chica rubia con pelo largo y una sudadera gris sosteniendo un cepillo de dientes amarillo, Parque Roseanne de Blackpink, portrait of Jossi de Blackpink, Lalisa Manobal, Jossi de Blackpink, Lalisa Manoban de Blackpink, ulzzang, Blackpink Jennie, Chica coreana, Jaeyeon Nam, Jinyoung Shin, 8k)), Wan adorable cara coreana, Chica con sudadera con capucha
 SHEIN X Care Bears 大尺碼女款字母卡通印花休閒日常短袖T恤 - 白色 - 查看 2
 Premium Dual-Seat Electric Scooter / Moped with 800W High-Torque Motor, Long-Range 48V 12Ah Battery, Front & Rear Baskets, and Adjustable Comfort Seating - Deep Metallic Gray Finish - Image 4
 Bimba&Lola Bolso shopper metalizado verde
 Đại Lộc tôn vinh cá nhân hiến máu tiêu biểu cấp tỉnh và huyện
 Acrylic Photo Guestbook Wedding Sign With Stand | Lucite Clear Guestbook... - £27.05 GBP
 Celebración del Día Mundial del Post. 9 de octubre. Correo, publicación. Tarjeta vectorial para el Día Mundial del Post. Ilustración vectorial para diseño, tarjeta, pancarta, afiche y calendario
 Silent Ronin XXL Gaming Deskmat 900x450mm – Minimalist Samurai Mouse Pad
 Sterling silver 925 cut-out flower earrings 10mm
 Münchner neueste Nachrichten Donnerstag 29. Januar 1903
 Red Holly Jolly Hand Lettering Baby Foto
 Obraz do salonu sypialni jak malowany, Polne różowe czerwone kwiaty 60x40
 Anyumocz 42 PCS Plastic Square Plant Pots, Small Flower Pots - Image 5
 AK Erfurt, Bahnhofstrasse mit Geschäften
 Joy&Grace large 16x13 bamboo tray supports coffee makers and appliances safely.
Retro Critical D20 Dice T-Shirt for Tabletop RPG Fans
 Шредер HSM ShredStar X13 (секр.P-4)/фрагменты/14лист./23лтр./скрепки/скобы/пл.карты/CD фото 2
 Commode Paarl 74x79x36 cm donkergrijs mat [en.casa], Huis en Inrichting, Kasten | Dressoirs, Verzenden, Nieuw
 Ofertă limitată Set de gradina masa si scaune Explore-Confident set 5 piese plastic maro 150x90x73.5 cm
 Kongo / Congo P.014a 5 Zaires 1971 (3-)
________________
→ **Task directions**:
In the listing, find each line with the string "Image" and copy it.

→ **Answer below**:
 Premium Dual-Seat Electric Scooter / Moped with 800W High-Torque Motor, Long-Range 48V 12Ah Battery, Front & Rear Baskets, and Adjustable Comfort Seating - Deep Metallic Gray Finish - Image 4
 Anyumocz 42 PCS Plastic Square Plant Pots, Small Flower Pots - Image 5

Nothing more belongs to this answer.